I dumpthe dregs of my coffee, rinse the cup, and then put it in the dishwasher before swiping my keys and wallet off the counter and heading out the door. The clouds overhead are dark, promising a thunderstorm later today.

As I’m opening my truck door, my phone rings. Pulling it from my pocket, I briefly look at the name displayed then swipe my finger across the screen to accept the call.

“Hey, Tori,” I greet my sister as I climb in the truck. “What’s up?”

“Thank God I caught you!” Tori pants over the phone. I pause in putting the key in the ignition.

“What’s wrong?” I ask.

She blows out a breath that sends crackles to my ear. “Michael. That’s what’s wrong. He’s freaking out because I’m trying to book flights for us to come down for a visit, but he’s not letting me. You remember that plane that went down in Florida a couple of months ago killing all those people?” She doesn’t give me time to answer before she continues. “Well, now he thinks that any plane we’ll be on will go down just like that one did.”

It’s definitely not a laughing matter, but if you knew Tori’s husband, Michael, then you could just picture him running around clutching his hair, muttering to himself and sending Tori a glare when she won’t do what he wants, which amps up his anxiety even more. Michael tends to be… dramatic at times.

“And why are you calling me with this?” I ask, unable to hold back a chuckle. “It’s not like I can do anything about it.”

A feminine growl sounds over the phone. “Because if I don’t talk to someone about it, I’m going to strangle the man, and you were the only one available.”

I prop my elbow on the window frame and drop my other hand to my thigh.

“He just worries about you and the kids. Give the guy a break.”

“Niko, you know how many breaks I’ve given him? Lord loves him and so do I, but he needs to stop with the exaggerated worrying over every single thing that happens. Before this plane crashed, it was the Ebola epidemic in Africa. In Africa, Niko! We’re not even on the same continent, and he wouldn’t let us leave the house without one of those surgical masks things on, just in case it was brought back to the US like in 2014. He’s driving me crazy. I’m going to be bald before I hit thirty-five from pulling out my hair.”

I can’t help it when a laugh slips free but quickly changes to a wince when Tori screeches, “It’s not fucking funny!” Tori can be quite dramatic at times too.

“Okay.” I try to soothe her. “Just calm down, okay? Are the kids around?”

“No,” she huffs out. “Why?”

“I was just wondering if you were screaming and cursing in front of them.”

“I’m about at my wits’ end, so that may be a possibility soon,” she mutters.

I run my fingers through my hair then drop my wrist on the steering wheel. “Look, Tori. I can understand Michael’s worry. Hush and let me finish,” I say when I hear her suck in a breath to bark at me. “I can also see how it gets excessive at times. You need to sit him down and talk to him. He needs to know how much it’s bothering you. He’ll always worry, but maybe if you explain your feelings, he can work on toning it down to a reasonable level.”
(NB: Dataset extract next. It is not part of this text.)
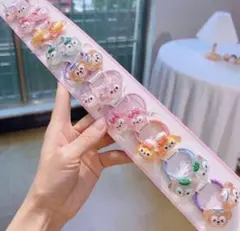 ダッフィーフレンズ ヘアゴム 20点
I’m ashamed to admit I haven’t been the typical protective brother. From the age of fifteen, I focused primarily on finding Aislin, which left little time to pay attention to my brother and sister. However, I wasn’t totally oblivious to what was going on with them. When Tori started dating Michael seven years ago, I liked him right away. I saw how he looked at my sister, the total adoration in his eyes. Michael may worry a lot, but he does it because he loves my sister and their kids more than anything. He’d do anything for them and protect them with his own life.

Tori sighs over the line. “I hear you. He just aggravates me to no end sometimes.”

“He loves you and only wants to keep you safe,” I tell her simply.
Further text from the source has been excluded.